Aim of the task: Your task is to restate the listing word for word without the pictures.

Supplied data:
┌──

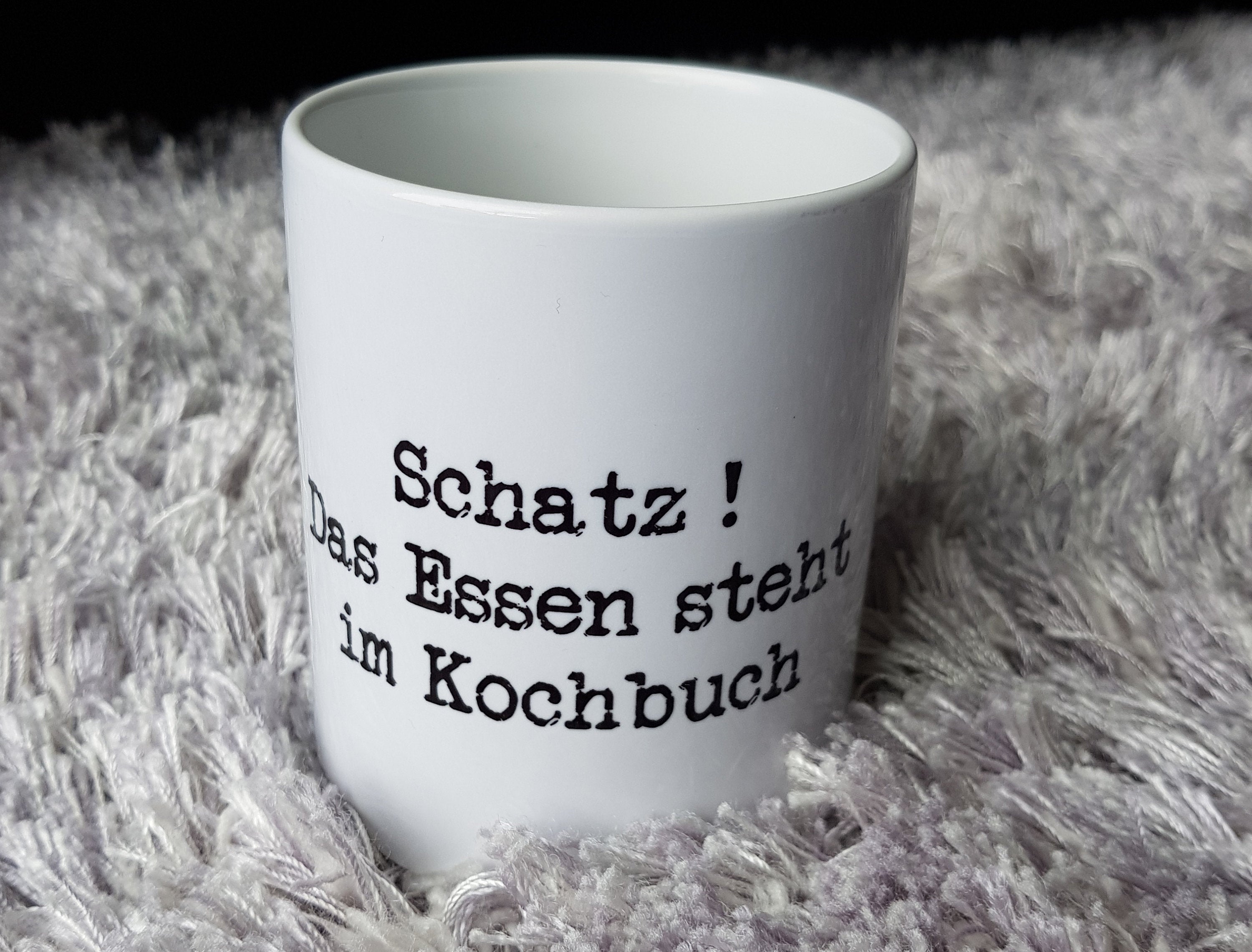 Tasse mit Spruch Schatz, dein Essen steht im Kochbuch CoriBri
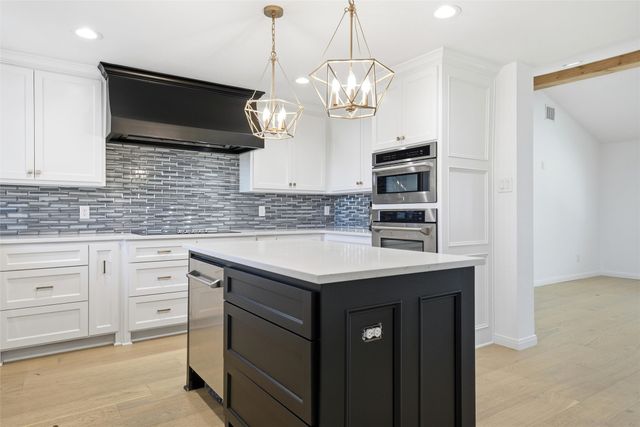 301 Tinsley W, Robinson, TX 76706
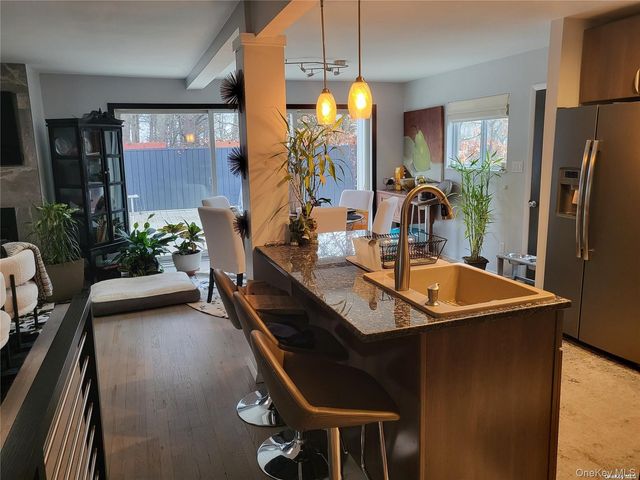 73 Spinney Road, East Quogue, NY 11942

└──

Written answer:
 Tasse mit Spruch Schatz, dein Essen steht im Kochbuch CoriBri
 301 Tinsley W, Robinson, TX 76706
 73 Spinney Road, East Quogue, NY 11942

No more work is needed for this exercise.